Your task:
Restate all entries word for word, minus pictures.

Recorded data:
= Beginning of Section =
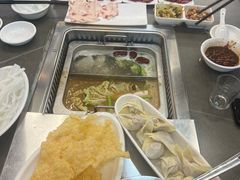 -鑫宝沙茶牛肉火锅(永泰店)
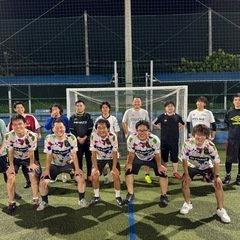 対戦相手、メンバー募集⚽️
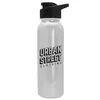Custom Sports Bottle - 24 oz.+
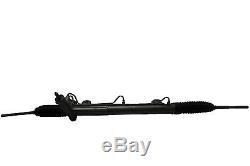 Complete Power Steering Rack and Pinion Assembly Ford F-150 Mark LT -2WD, 2x4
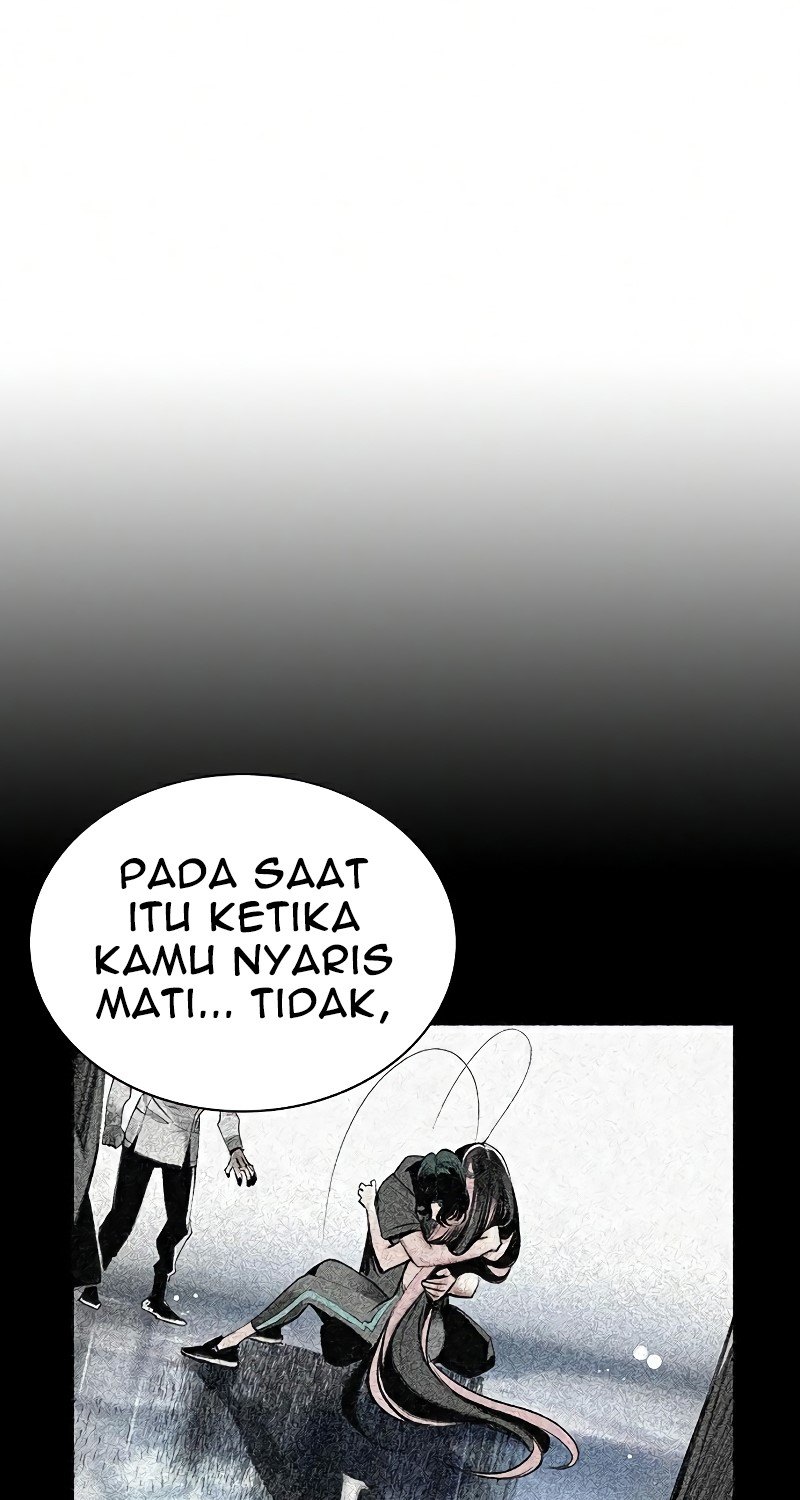 Jungle Juice Chapter 57 Gambar 62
= End of Section =
Exercise output:
 -鑫宝沙茶牛肉火锅(永泰店)
 対戦相手、メンバー募集⚽️
Custom Sports Bottle - 24 oz.+
 Complete Power Steering Rack and Pinion Assembly Ford F-150 Mark LT -2WD, 2x4
 Jungle Juice Chapter 57 Gambar 62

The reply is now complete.